Reacting to the news, the Chinese Nationalist Party (KMT) on X, formerly known as Twitter, did not make much effort to hide its feelings on the man, saying only that it “notes” Kissinger’s passing and “recognize[s] Kissinger’s efforts to bring about peace and prosperity in the Indo Pacific.” For the KMT, the 50-year-old wounds Kissinger inflicted are as fresh as ever.
In their determination to normalize relations with Beijing to counter the Soviet Union, Kissinger as then-US national security adviser and then-US president Richard Nixon arranged a secret meeting with the Chinese Communist Party (CCP) leadership, which a year later led to the historic 1972 meeting between Nixon and Mao Zedong (毛澤東). Wanting to avoid that pesky democratic process, Kissinger and Nixon did their utmost to conceal their machinations and therefore any debate about their methods until it was too late.
The CCP undoubtedly saw a kindred spirit in Kissinger, and believed him when he insinuated that the White House was willing to abandon Taiwan. He proceeded to make concessions that shocked many of his American colleagues, including withdrawing the US military from Taiwan, disavowing Taiwanese independence and failing to condemn the use of force.
The Watergate scandal and Nixon’s eventual ousting would scupper the pair’s plans before they were fully realized. As a consequence, both sides were left to deal with the duplicitous framework that Kissinger helped lay. Each side felt betrayed, and has been attempting to build atop the precarious language in the Shanghai Communique ever since.
It is arguable that Kissinger’s approach was not necessary at all. His backroom wheeling and dealing is often credited as the only way the US could have normalized relations with China. However, both sides were already looking for an in with each other to counter the Soviet Union. Even Mao’s biggest rival at the time, Lin Biao (林彪), who vehemently advocated for relations with Moscow over Washington, ended up dead amid suspicious circumstances.
It is reasonable to argue that an agreement could have been reached without selling Taiwan down the river, but thanks to Kissinger and Nixon shutting everyone else out of the room, that alternative timeline is lost to history.

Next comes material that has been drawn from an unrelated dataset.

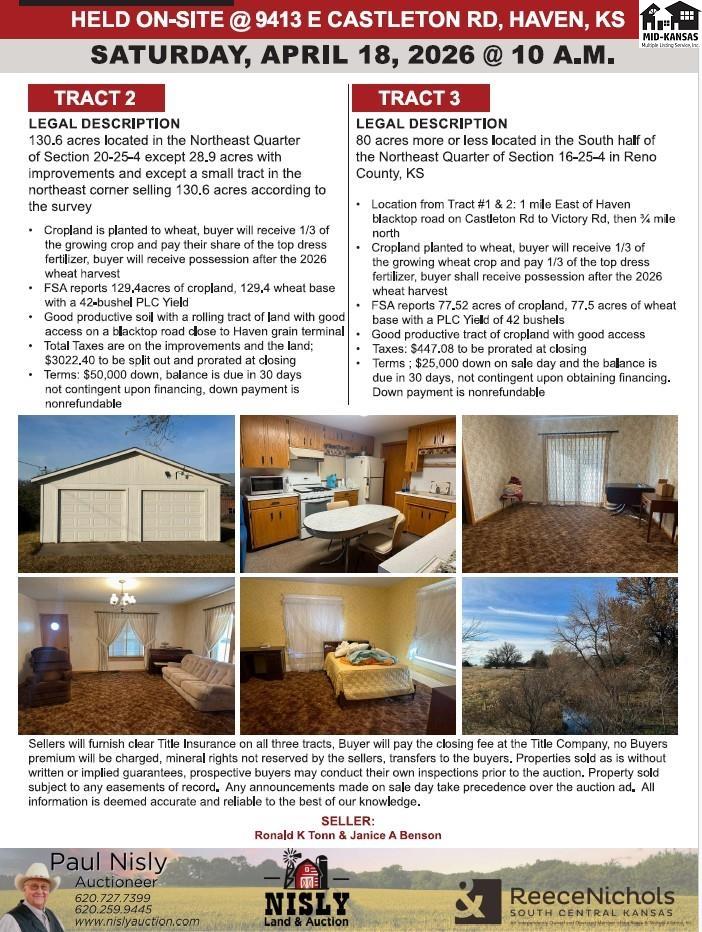 9413 E Castleton Road Haven KS 67543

Nixon and Kissinger did not seem to mind sacrificing the little guy — a recurring theme of Kissinger’s career. The growing Taiwanese independence movement barely registered as a blip on their radar — private tape recordings of their conversations from the period reveal their bafflement at the movement’s existence and ultimate agreement that “if they want to secede, that’s their business.” They had trouble seeing beyond the views of Mao and his enemy Chiang Kai-shek (蔣介石), who agreed on the “one China” formulation. They failed to foresee the power of public sentiment and the impact that, over time, the Taiwanese democratic movement would bring.

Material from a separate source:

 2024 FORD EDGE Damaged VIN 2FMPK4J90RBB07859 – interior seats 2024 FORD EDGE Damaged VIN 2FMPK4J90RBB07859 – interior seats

For better or worse, China, the US and Taiwan are stuck with the frameworks concocted in back rooms by Kissinger and his contemporaries. The debate will continue about whether the good has outweighed the bad, but it is undeniable the world has changed as a result of that 1971 meeting. Kissinger’s passing marks a transition into a new era, which is an era not served by the rules of a game played decades past.